「は~い」

魅麗は、キッチンから店へと出てきた。

「綾ちゃん、来てたのね。ごめんなさいねぇ」
「あ、魅麗さん」

うたた寝とはいえ、寝起きなので、綾は、少しぼーっとしていた。

「紅茶飲む?」
「うん」

魅麗の出してくれた紅茶によって、綾は、だんだんと徐々に目を覚ましてきた。



「綾ちゃんごめんねぇ~、寝ちゃってたのよ」
「びっくりしたんだからぁ~。入口は開いてるのに、魅麗さんがいないから。テレビはついたままなのに、姿がないだもん。泥棒が入ったら大変だよ」

「そうだよね、気を付けます」
「ホントだよ」
綾は、口をすぼめて、妹が姉を説教する様な口調で言った。
「はい、すみません」
魅麗は、素直に言う。

「でも、良かったぁ」
そう言うと、綾は、笑顔になった。
そして、魅麗と綾は、顔を見あわせて笑った。
綾は、思っていた。

【子育てや、自分のお店のオープンで、魅力さん、目の回る様な毎日だったもんなぁ。お店の準備だって、ひとりでやってた。疲れが出る時だよねぇ】

雑貨を並べたり、装飾をしたり、看板をつけたり、ペンキを塗ったり、掃除をしたり……。
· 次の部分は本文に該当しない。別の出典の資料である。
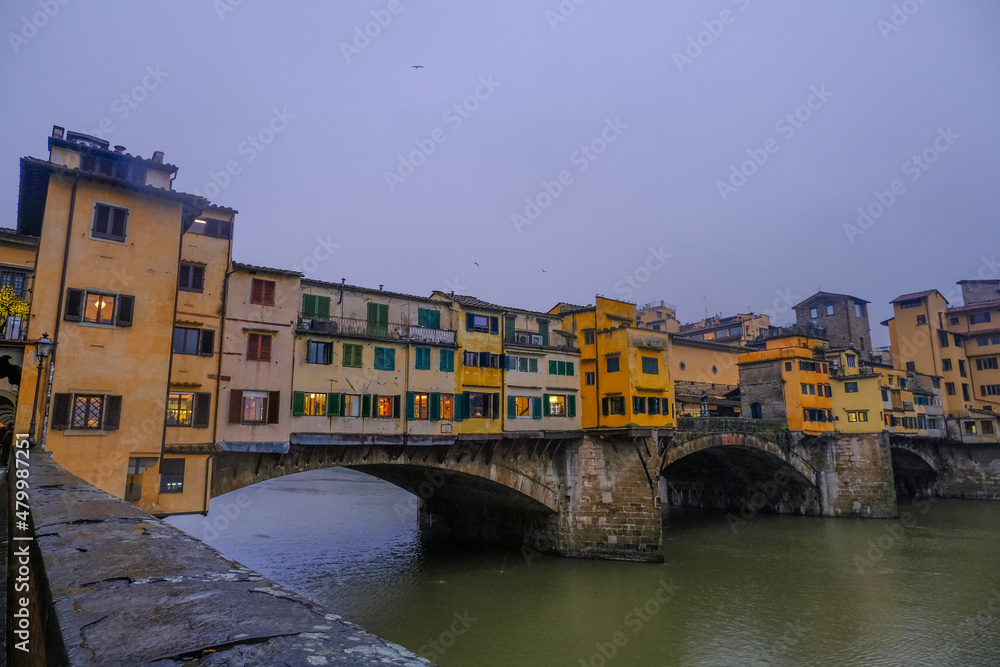 Florence, Italy: View on the Florence Ponte Vecchio with colorful stores on a rainy day across river Arno and dramatic gray sky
ディスプレイから大工仕事まで、ひとりでしていた魅麗のことを、思い出していた。
その合間、怜(ユウ)のお絵描きを見たり、一緒に遊んだりと、我が子に目を配ることを欠かさない。
綾は、とても感心していた。


テレビに、沢山の綺麗な絵画が映った。
またテレビで、美咲 怜樹の話題が流れている。
美咲 怜樹の個展が開かれるという話題だった。